WORK INSTRUCTION:
Setting aside any pictures, reproduce the data exactly.

DATASET EXTRACT:
··········

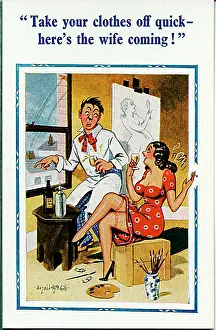 Siphon: Comic postcard, Artist with pretty young visitor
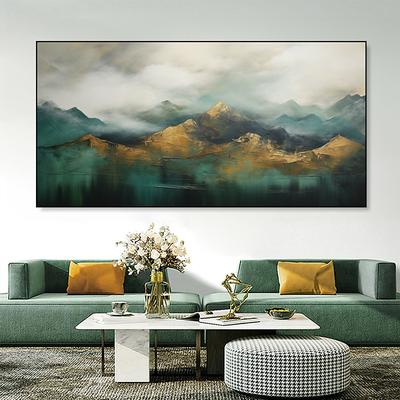 Handmade Landscape Wall Art Gold Mountains 3D Heavy Textured Oil Painting Modern Abstract Artwork Canvas Pictures Home Decor No Frame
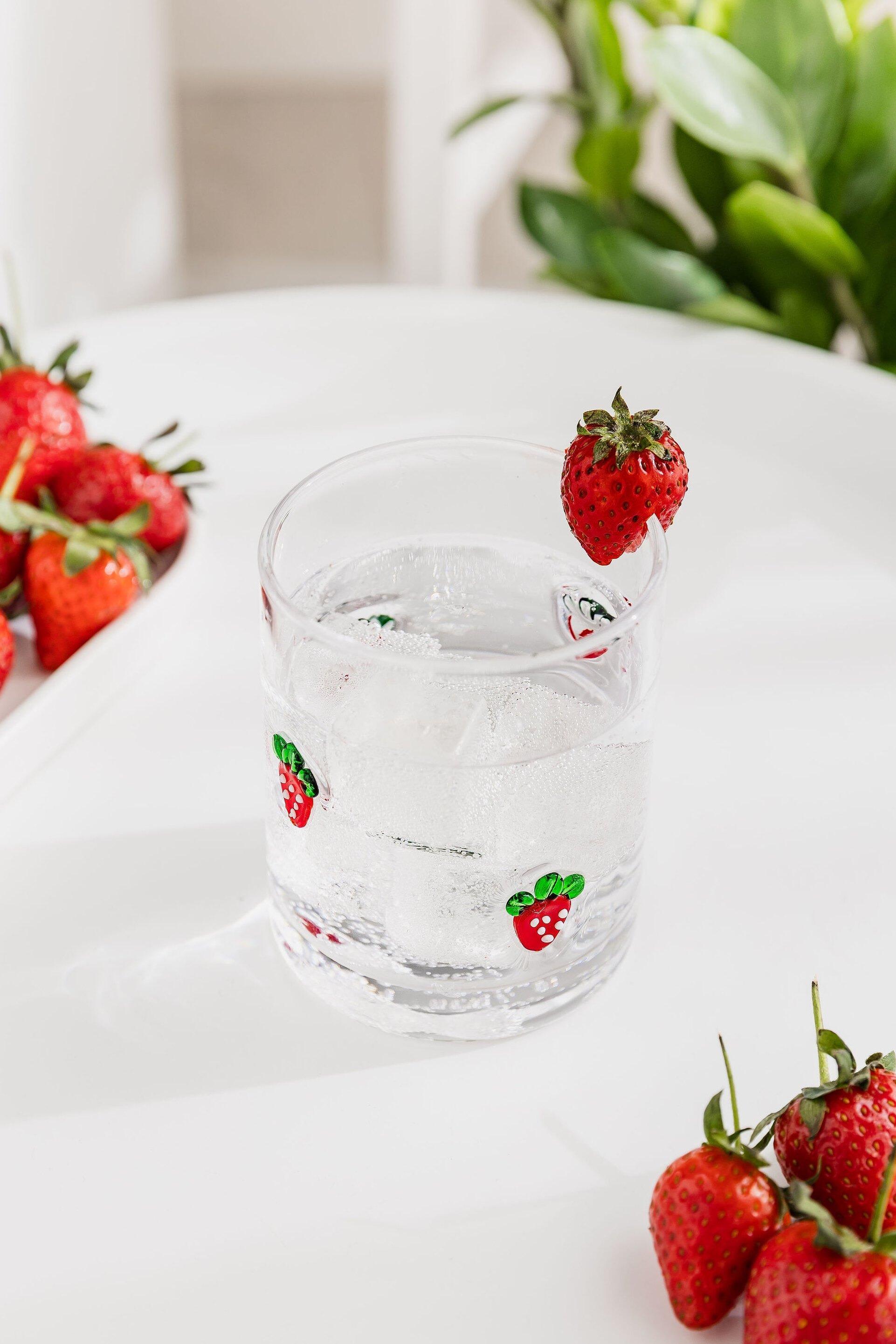 Strawberry Glass Tumbler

··········

EXERCISE RESPONSE:
 Siphon: Comic postcard, Artist with pretty young visitor
 Handmade Landscape Wall Art Gold Mountains 3D Heavy Textured Oil Painting Modern Abstract Artwork Canvas Pictures Home Decor No Frame
 Strawberry Glass Tumbler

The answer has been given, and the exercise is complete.